According to the Baseline Requirements for certificate-issuing authorities, trusted certificates issued by authorities cannot have serial numbers of fewer than 64 bits. To abide by this requirement, all certificate authorities use specialised software to generate trusted certificates with 64-bit or 72-bit encryption.
However, there is another baseline requirement that needs to be adhered to by all certificate issuers- that serial numbers assigned to each certificate by an issuer "MUST be a positive integer" and must be unique for each certificate.
To adhere to this requirement, the open-source EJBCA software, which is used by many certificate authorities to generate trusted certificates, has been modified to use 0 as the 64th bit, using random numbers to fill up the remaining 63 slots.
According to Adam Caudill, a director of Application Security Testing, researcher and software developer, thanks to the modification, trusted certificates generated using EJBCA always give 63 effective bits of output, thereby violating the very baseline requirement it intended to fulfill.
The use of 63 effective bits also reduces the number of possible values by half considering that the difference between 2^64 and 2^63 is over 9 quintillion, says Caudill, but despite that, trusted certificates in the SHA2 family have no known vulnerabilities that could be exploited and they still have 63-bits of encryption which is still quite substantial.
"Entropy in the serial number is required as a way to prevent hash collisions from being used to forge certificates; this requires an ability to predict or control certificate contents and the use of a flawed hashing algorithm, adding a random value makes this more difficult.
"This type of issue has been exploited with MD5, and could someday be exploited with SHA1; there’s no known flaws in the SHA2 family (used in all current end-entity certificates) that would allow such an attack. In addition, while due to this issue, the level of protection is reduced by half, 2^63 is still a large number and provides a substantial amount of safety margin," he wrote in a blog post.

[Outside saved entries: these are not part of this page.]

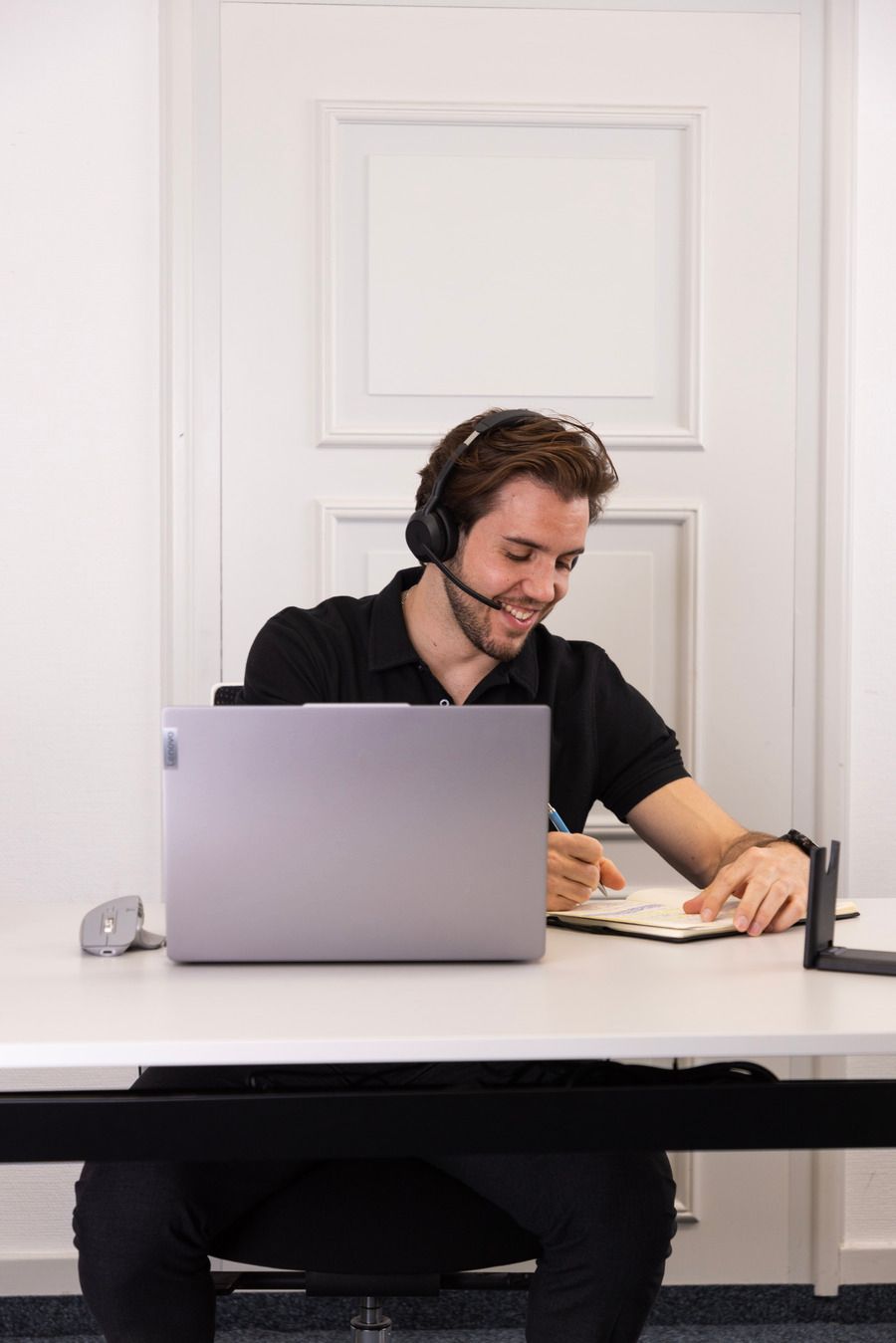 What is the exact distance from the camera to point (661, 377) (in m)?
2.36

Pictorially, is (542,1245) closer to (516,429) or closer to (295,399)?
(516,429)

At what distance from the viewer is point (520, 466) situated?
182cm

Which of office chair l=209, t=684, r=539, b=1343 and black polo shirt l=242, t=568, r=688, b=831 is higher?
black polo shirt l=242, t=568, r=688, b=831

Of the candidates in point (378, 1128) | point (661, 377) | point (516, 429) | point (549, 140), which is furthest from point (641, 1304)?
point (549, 140)

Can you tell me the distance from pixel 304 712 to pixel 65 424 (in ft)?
4.52

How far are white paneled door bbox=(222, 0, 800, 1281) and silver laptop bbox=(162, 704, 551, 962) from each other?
122 cm

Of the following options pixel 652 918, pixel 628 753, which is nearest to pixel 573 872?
pixel 652 918

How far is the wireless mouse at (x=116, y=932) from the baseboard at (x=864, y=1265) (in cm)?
159

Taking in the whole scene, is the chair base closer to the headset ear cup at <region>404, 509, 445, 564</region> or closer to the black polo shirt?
the black polo shirt

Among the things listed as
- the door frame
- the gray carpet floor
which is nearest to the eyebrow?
the door frame

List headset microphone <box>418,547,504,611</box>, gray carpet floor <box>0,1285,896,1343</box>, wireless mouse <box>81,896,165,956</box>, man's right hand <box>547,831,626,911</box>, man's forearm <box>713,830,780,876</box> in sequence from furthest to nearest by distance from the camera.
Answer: gray carpet floor <box>0,1285,896,1343</box> < headset microphone <box>418,547,504,611</box> < man's forearm <box>713,830,780,876</box> < man's right hand <box>547,831,626,911</box> < wireless mouse <box>81,896,165,956</box>

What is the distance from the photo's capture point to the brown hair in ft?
5.96

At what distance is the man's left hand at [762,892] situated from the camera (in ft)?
4.37

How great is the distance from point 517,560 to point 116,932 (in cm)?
80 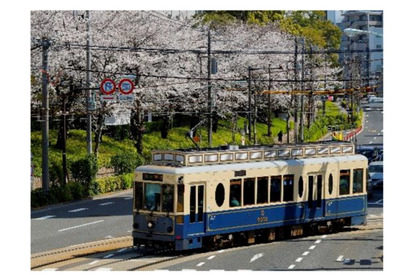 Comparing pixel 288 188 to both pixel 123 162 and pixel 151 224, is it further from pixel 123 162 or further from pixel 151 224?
pixel 123 162

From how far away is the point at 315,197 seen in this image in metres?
33.2

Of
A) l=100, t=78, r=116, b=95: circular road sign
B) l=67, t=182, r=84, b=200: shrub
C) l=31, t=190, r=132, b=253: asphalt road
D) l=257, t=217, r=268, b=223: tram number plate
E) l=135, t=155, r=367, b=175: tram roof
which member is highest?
l=100, t=78, r=116, b=95: circular road sign

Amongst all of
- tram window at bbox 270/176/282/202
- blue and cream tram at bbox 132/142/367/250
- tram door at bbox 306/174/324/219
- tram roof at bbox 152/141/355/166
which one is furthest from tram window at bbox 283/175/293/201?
tram door at bbox 306/174/324/219

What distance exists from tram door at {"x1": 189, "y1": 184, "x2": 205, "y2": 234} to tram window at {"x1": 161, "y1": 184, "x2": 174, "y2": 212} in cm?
52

Even though the risk factor is minimal, certificate issuers such as Google, Apple, and GoDaddy have to revoke a little over a million certificates issued using the EJBCA software as the 63-bit outcome is in violation of baseline requirements.
According to yet another Baseline Requirement, if a certificate is not in accordance with baseline requirements or the CA's Certificate Policy, it has to be revoked within five days. Abiding by this rule would involve all certificate issuers revoking over a million certificates within five days which is a next-to-impossible task.
"Google was able to revoke approximately 95 percent if their mis-issued certificates within the five days, Apple announced that they wouldn’t be able to complete the process within five days, and GoDaddy stated that they would need 30 days to complete the process.
"The same reason was cited by all three: minimising impact. Without robust automation, changing certificates can be complex and time-consuming, leaving the CA to choose between complying with requirements or impacting their customers," Caudill added.
Commenting on the erroneous issuance of over a million trusted certificates, Kevin Bocek, VP of Security Strategy and Threat Intelligence at Venafi told SC Magazine UK that replacing a single digital certificate can take hours and most firms don’t have automated processes in place to replace large numbers of them when problems like this occur. As a result, many businesses are going to feel a lot of pain.
"Even worse, if the replacement process isn’t completed by experts it’s very error-prone, and the ‘cure’ can introduce new vulnerabilities or cause business systems to fail. This is a huge third party risk that CISOs and board members don’t understand," he added.